Schon bald nach dem Abendessen verschwanden Helene und Bernd - wohin? "Zu Bernd", hieß es lapidar. Ralf wollte etwas dazu sagen, aber Otto gab ihm indirekt zu verstehen, dass er den Mund halten sollte, und das tat er denn auch. Mit einem freundlichen Lächeln verabschiedeten die mittelalterlichen Freunde den Liebhaber der geliebten Helene - und Helene, die Bernd begleiten wollte.

"Was sollen wir tun?", fragte Ralf, als die beiden jungen Leute die Wohnung verlassen hatten.

"Nichts", entgegnete Otto ernsthaft, fast traurig. Er fuhr fort: "Du kannst nichts tun. Wenn du unserer Helene die Beziehung zu Bernd untersagst, wird sie zu ihm ziehen. Sie ist ihm ganz verfallen."

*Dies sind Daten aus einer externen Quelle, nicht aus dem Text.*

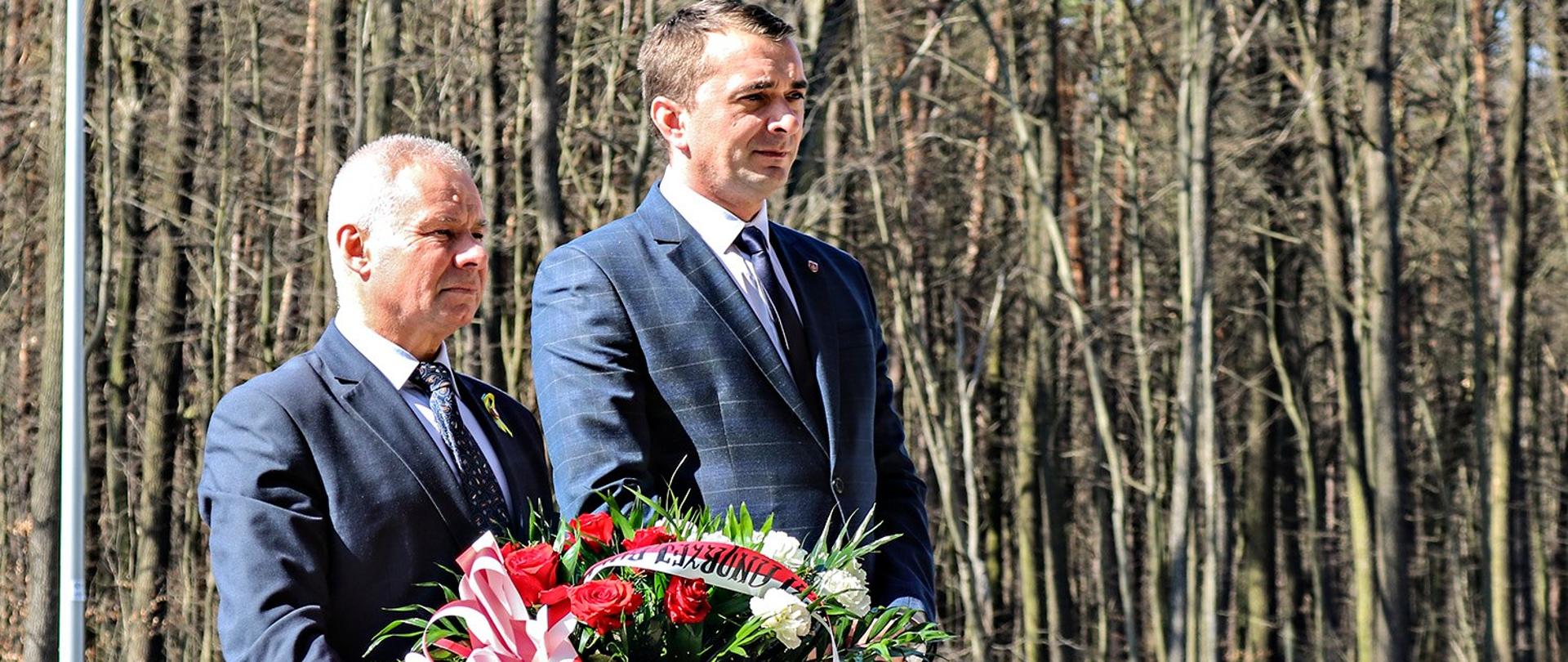 Na zdjęciu Starosta Kraśnicki Andrzej Rolla i Wicestarosta Kraśnicki Paweł Kudrel składają symboliczne kwiaty przed pomnikiem ofiar wyznania mojżeszowego, którzy zostali zamordowani przez Niemców w latach 1939-1945 w lesie przy obecnej Fabryce Łożysk Tocznych w Kraśniku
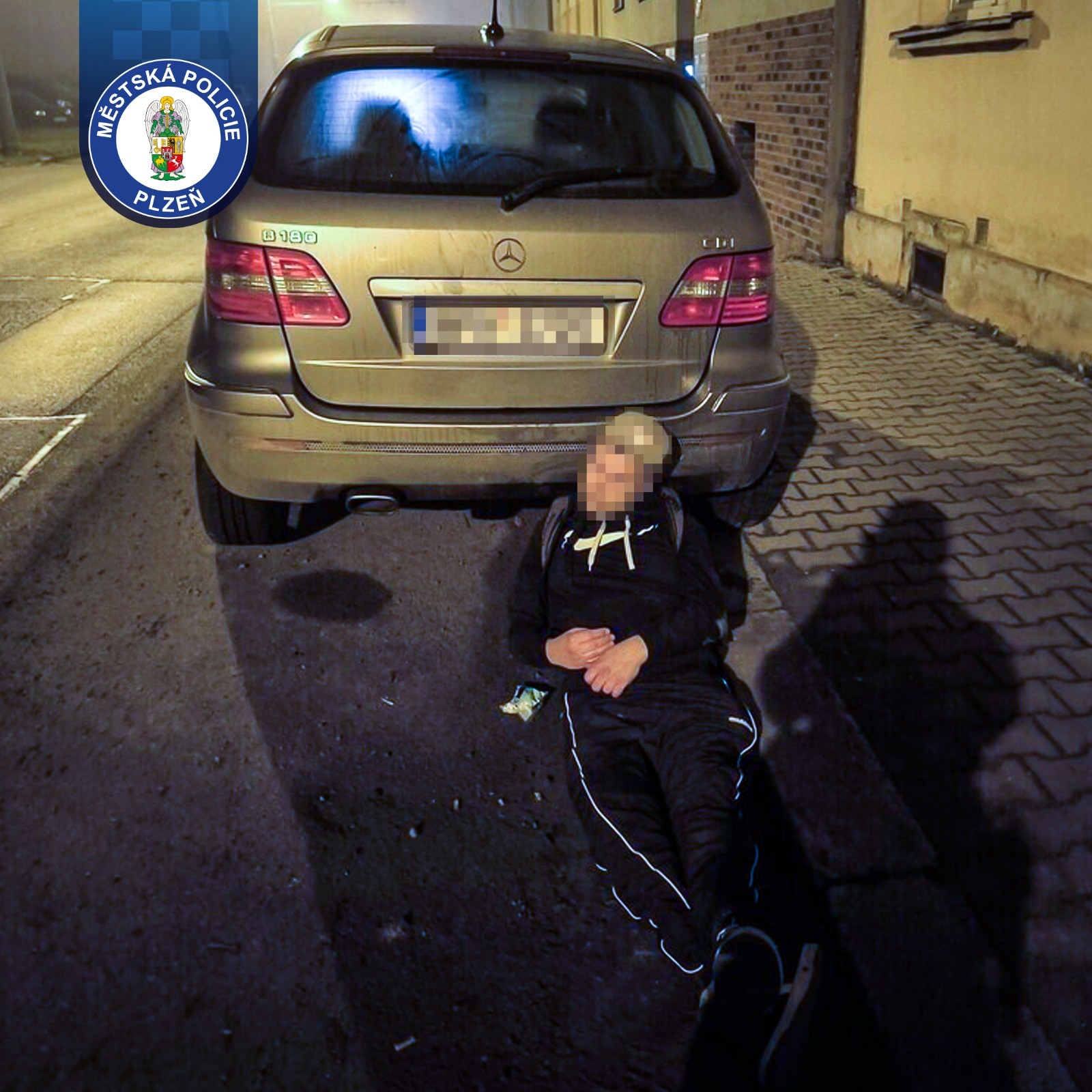 Zaparkovaný pod zaparkovaným vozidlem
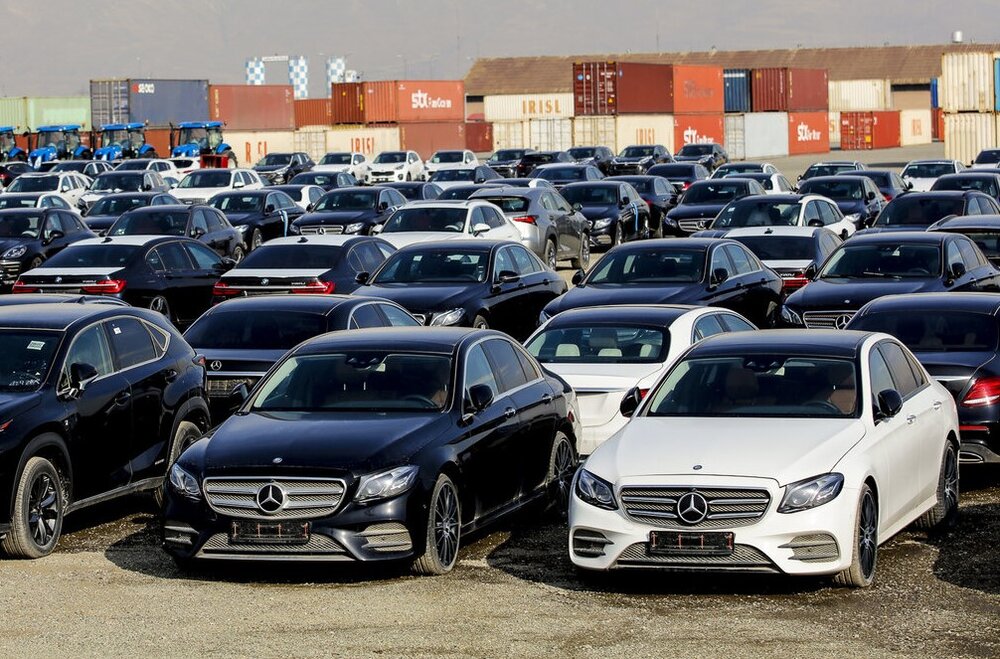 عضو کمیسیون صنایع: مجلس با تصویب واردات خودرو، دست دولت را برای تنظیم بازار باز گذاشت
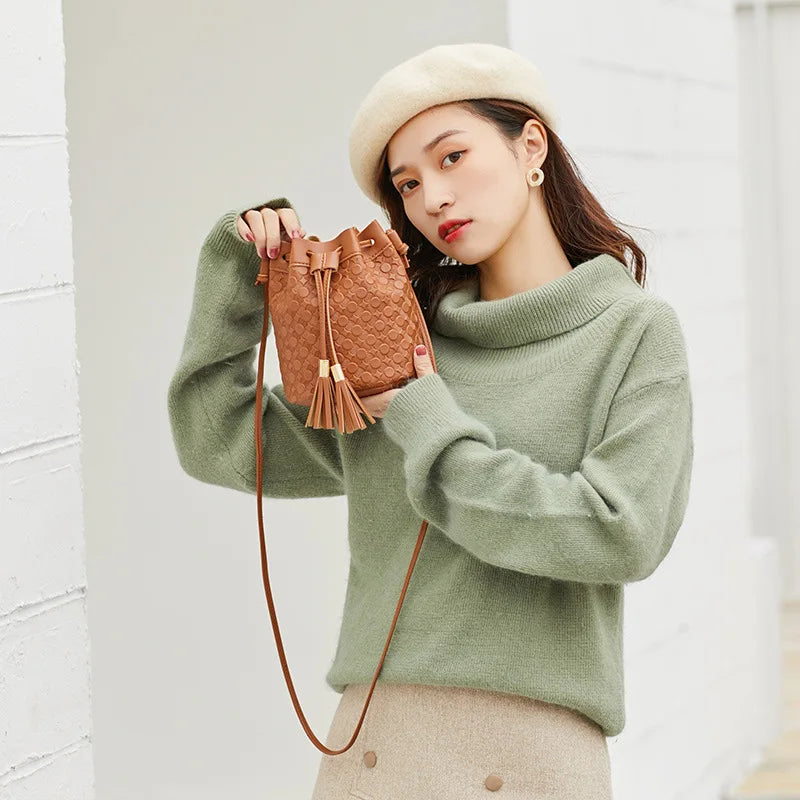 Lychee Pattern Vintage Messenger Bucket Bag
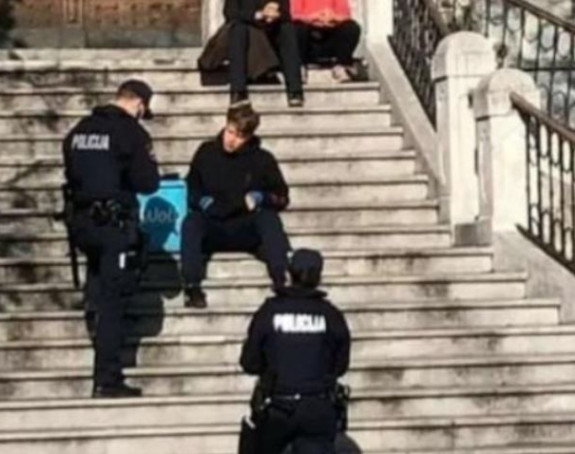 Slovenci kaznili mladića, jeo burek bez maske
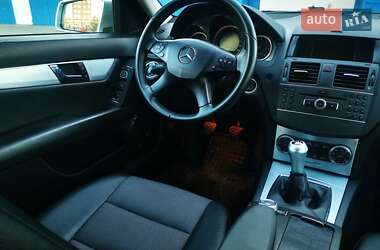 Універсал Mercedes-Benz C-Class 2011 в 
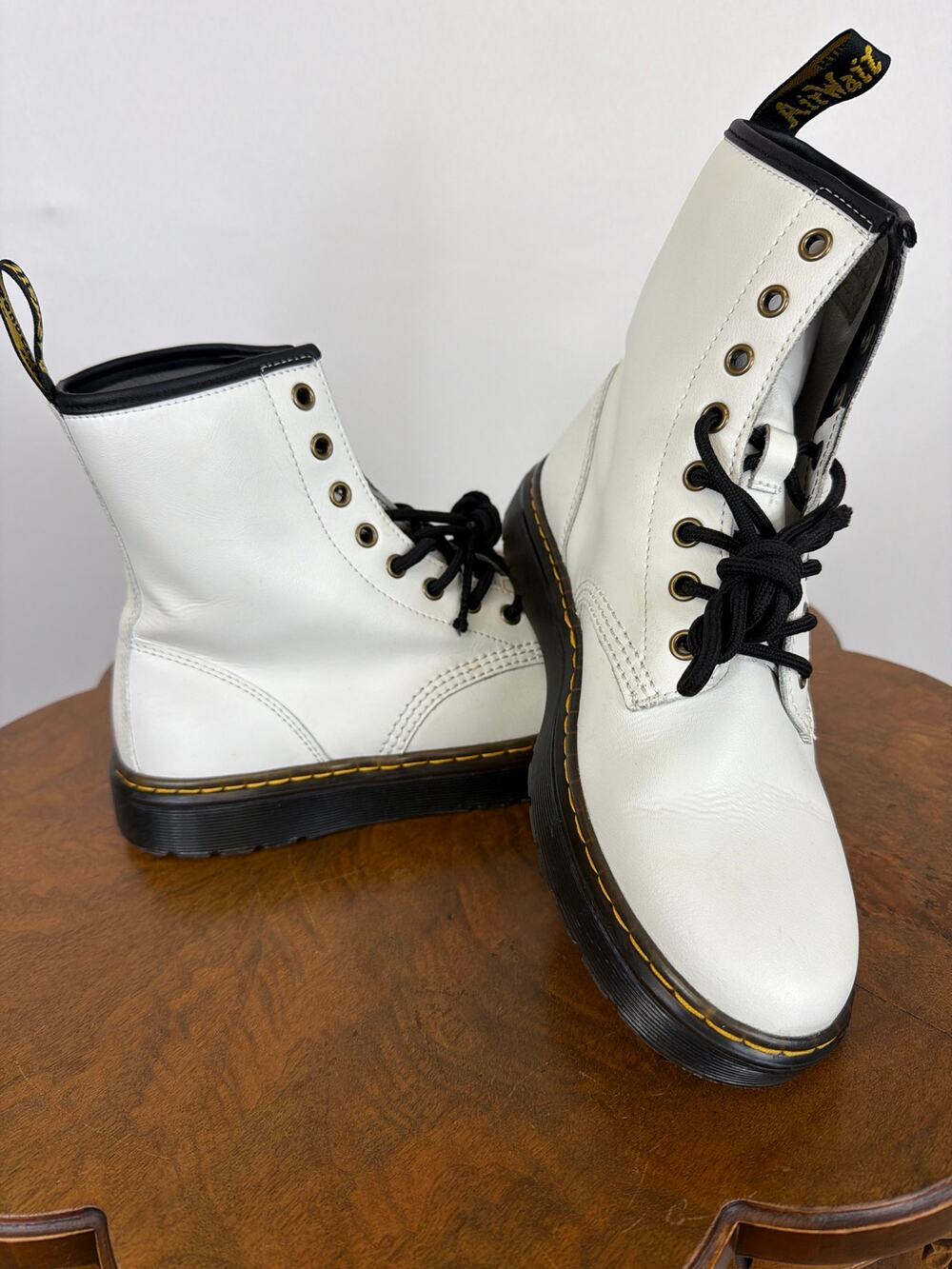 Dr. Martens Zavala White Leather 8-Eye Combat Boots Men's 7 / Women's 8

Die beiden Männer, die sich über viele Jahre um Helene gekümmert hatten, schwiegen lange. Es war Otto, der sagte: "Helene verfolgt nach wie vor ernsthaft ihre Studien, soweit ich es mitkriege."

Ralf bestätigte das.

"So, und dabei sollen wir sie unterstützen, wenn sie Unterstützung braucht, und die wird sie auch brauchen. Was hat sie in den Semesterferien vor? Ist sie in den Ferien immer noch in der Kanzlei?"

"Sie arbeitet bei Abelt, Abelt und Rossmer und Partner, ja, bei denen ist sie immer noch."

"Und was genau macht sie da?", fragte Otto. Ralf hatte keine Antwort. Er wusste, dass Helene dort gutes Geld verdiente, aber was sie dort genau tat, wusste er nicht.

"Nun, ich werde mich darum kümmern", erklärte Otto ganz bestimmt, aber er sagte nicht, was er tun werde. "Übrigens noch etwas: Dieser Bernd ist bestimmt kein schlechter Typ. Er raucht nicht, und ich glaube auch nicht, dass er Drogen nimmt. Für mich ist die Beziehung zu Bernd ein wenig seltsam, aber er ist kein schlechter Mann. Das sollte uns zufrieden stellen."

"Und was ist, wenn Helene schwanger wird?", fragte Ralf besorgt. Otto grinste und zuckte die Schultern. Er hatte keine Antwort darauf.